The Anti Bullying Alliances’ theme this year for anti-bullying week is 'Power for Good'. What I understand this to mean is that we ALL have the power to help make something better and can make a choice whether we embrace and use it, or choose not to. Or more bluntly, whether we ignore those who we know are being bullied as we are too scared or reluctant to do anything about it perhaps
The key aims are of this year's theme are:
- To support children and young people to use their ‘Power for Good’ – by understanding the ways in which they are powerful and encouraging individual and collective action to stop bullying and create the best world possible.
- To help parents and carers to use their Power for Good – through supporting children with issues relating to bullying and working together with schools to stop bullying.
- To encourage all teachers, school support staff and youth workers to use their Power for Good – by valuing the difference they can make in a child’s life, and taking individual and collective action to prevent bullying and create safe environments where children can thrive.
Two perspectives on bullying: A mum and daughter
To help put some perspective on this I have asked two wonderful friends of mine, Amberely and Amanda to share their experience of bullying, a young lady's perspective and her Mum’s. I have to warn you it’s quite a harrowing read, but it’s aim is to help stamp out bullying.

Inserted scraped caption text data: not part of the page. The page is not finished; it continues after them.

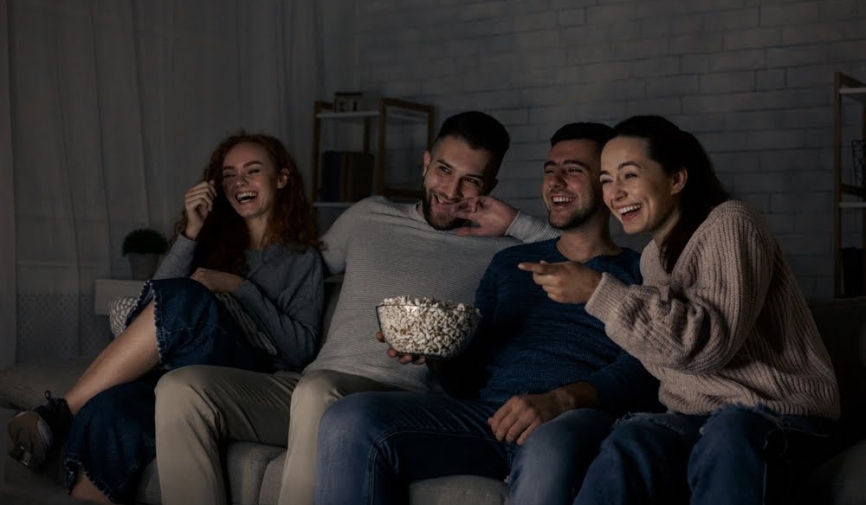 Group of friends watching a movie | Movies like Mean Girls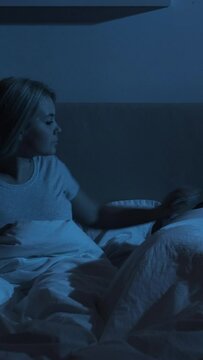 Apnea insomnia. Stressful couple night. Sleep disorder. Tired disturbed wife in bed with snoring husband late in dark bedroom. Vertical video.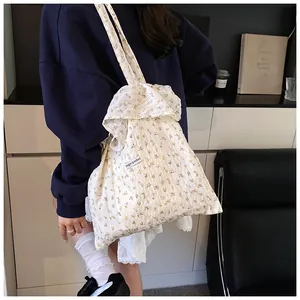 Detail of floral canvas tote bag with Magic Pocket label and ruffled cloud edges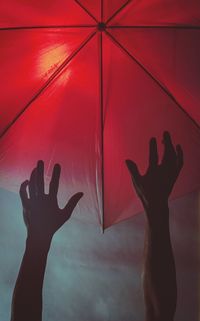 Close-up of silhouette hand against red wall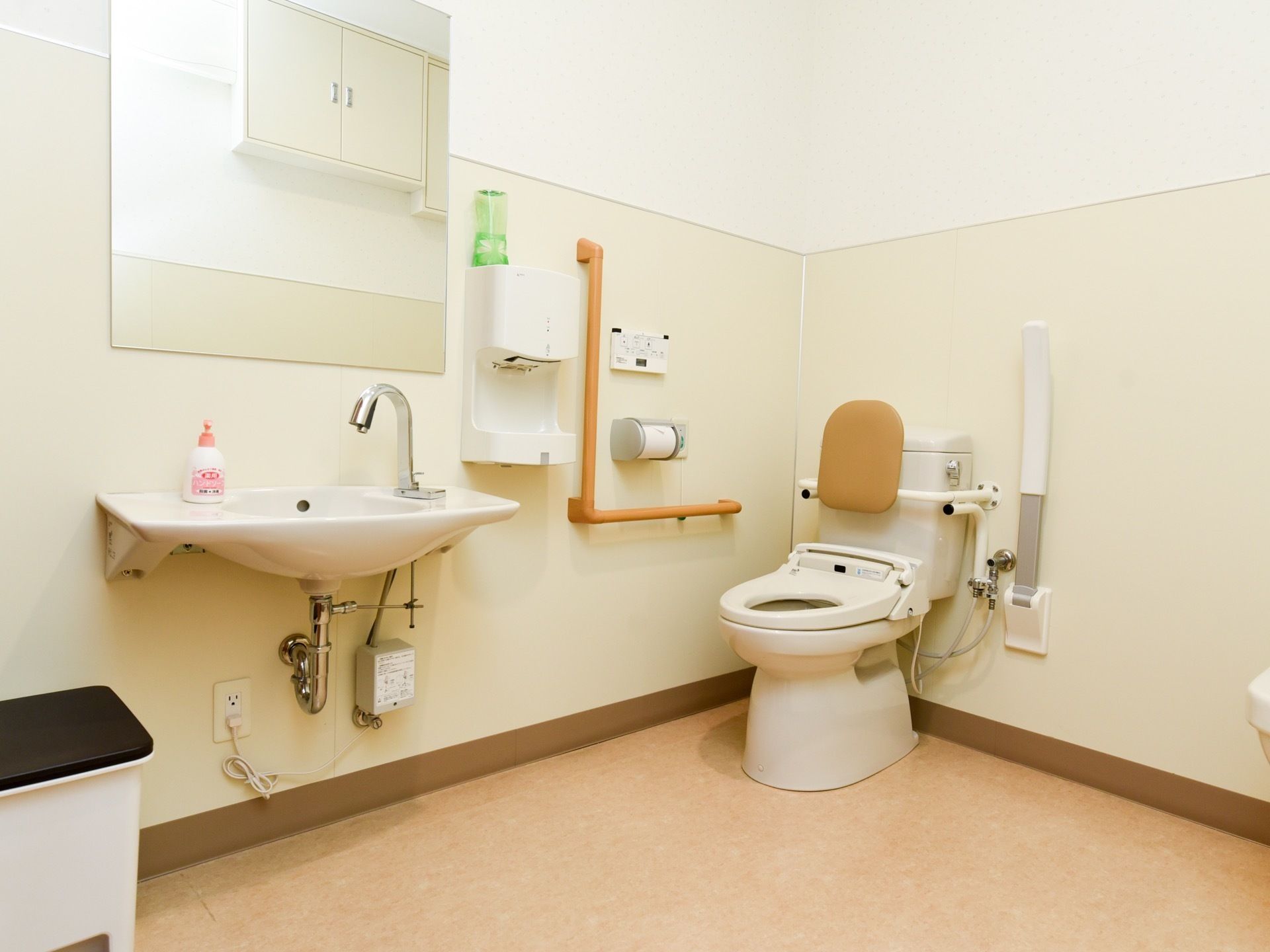 広々とした清潔感のある共用トイレである。温水洗浄便座や洗面台、ドライヤー、手すり、ゴミ箱が完備されている。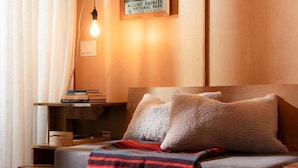 Een gezellige kamer met een bank, een nachtkastje met boeken, een lamp en een bordje dat aangeeft dat het deel uitmaakt van Mount Rainier National Park.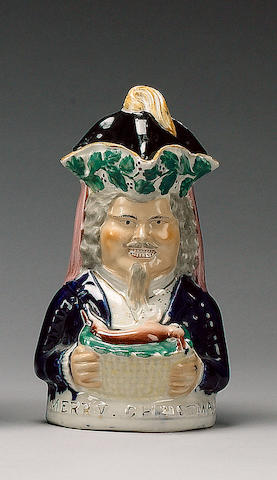 A 'Merry Christmas' Toby Jug and cover, circa 1860, probably Sampson Smith,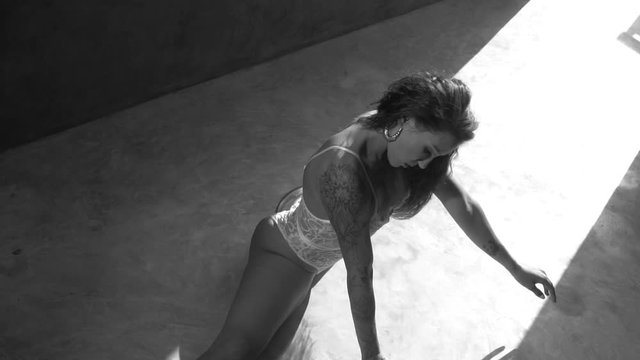Beautiful acrobatic in white lace lingerie dancing in the studio over concrete wall background - black and white video in slow motion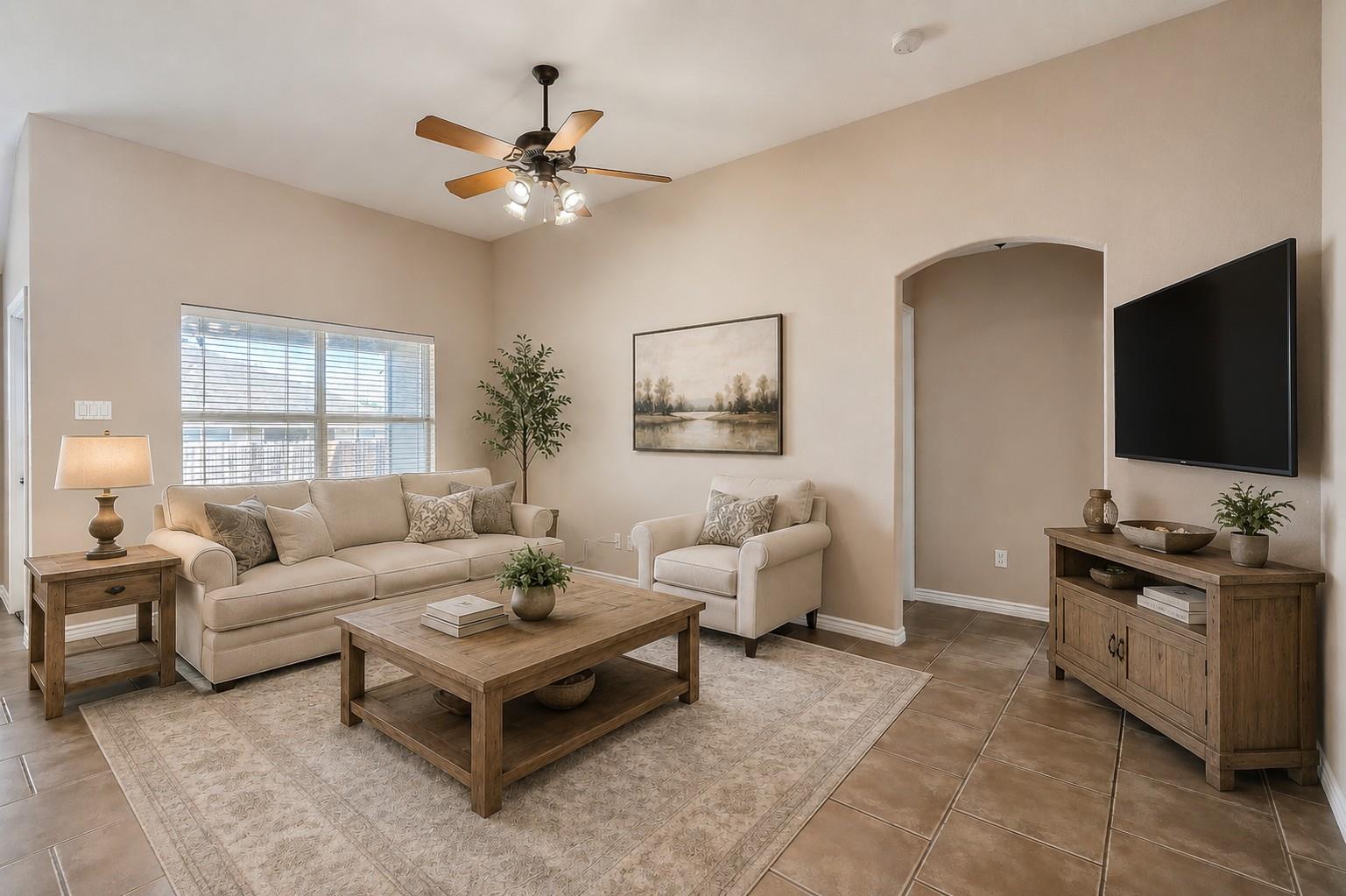 Living room with a beige sofa and armchair, wood coffee table, and ceiling fan.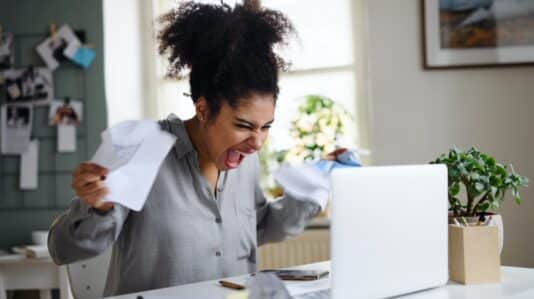 a woman looking upset from work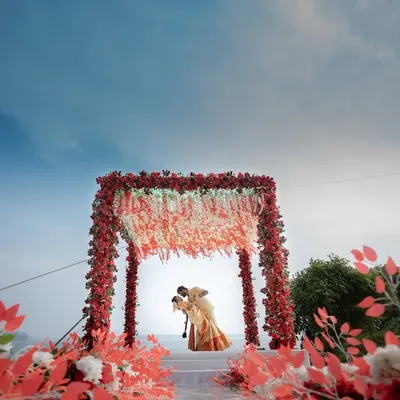 A truly epic destination wedding shot. The couple shares a kiss under a magnificent floral mandap, set against the sky and sea. This is what destination wedding dreams are made of.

I felt completely isolated and felt that I had no respect from anyone in my peer group at school. I dreaded going to school every single day, day in day out, month in month out, year in, year out. The constant feeling of anxiety made me physically ill, affecting my sleep and my general overall health and impacted my education.
Break-times were the worst. I could manage the lessons. Every break-time and lunchtime I had to try to find places where I could hide just to draw the least amount of attention possible to myself. I usually just ended up hiding in the toilets.
Among the taunts and insults that I’ve experienced over the last few years, I’ve been spat at, had food thrown at me and white spirit poured into my hair, and no-one ever defended me, looked out for me or showed any degree of concern for all that I had to endure each day. Every so often I’d be duped into thinking perhaps one of my peers wasn’t so bad after all on days when they bothered to talk to me, but in every single case, that thought was quickly gone when they became sheep and stood as part of a nasty, bigger group who were taunting me. Not one of them had courage to tell the perpetrators that what they were doing was wrong.
The worst thing about all of it was the constant and deliberate attempts to humiliate me. That’s what hurt the most.
What could the school have done to help me?
Take it seriously: The teachers taking it seriously would have helped. And when I say seriously I don’t mean punishing people just on my word, I know they can’t do that. I mean just really listening to how hard I found the humiliation and understanding how horrible it was spending each lunchtime in the toilets as I felt there was no alternative.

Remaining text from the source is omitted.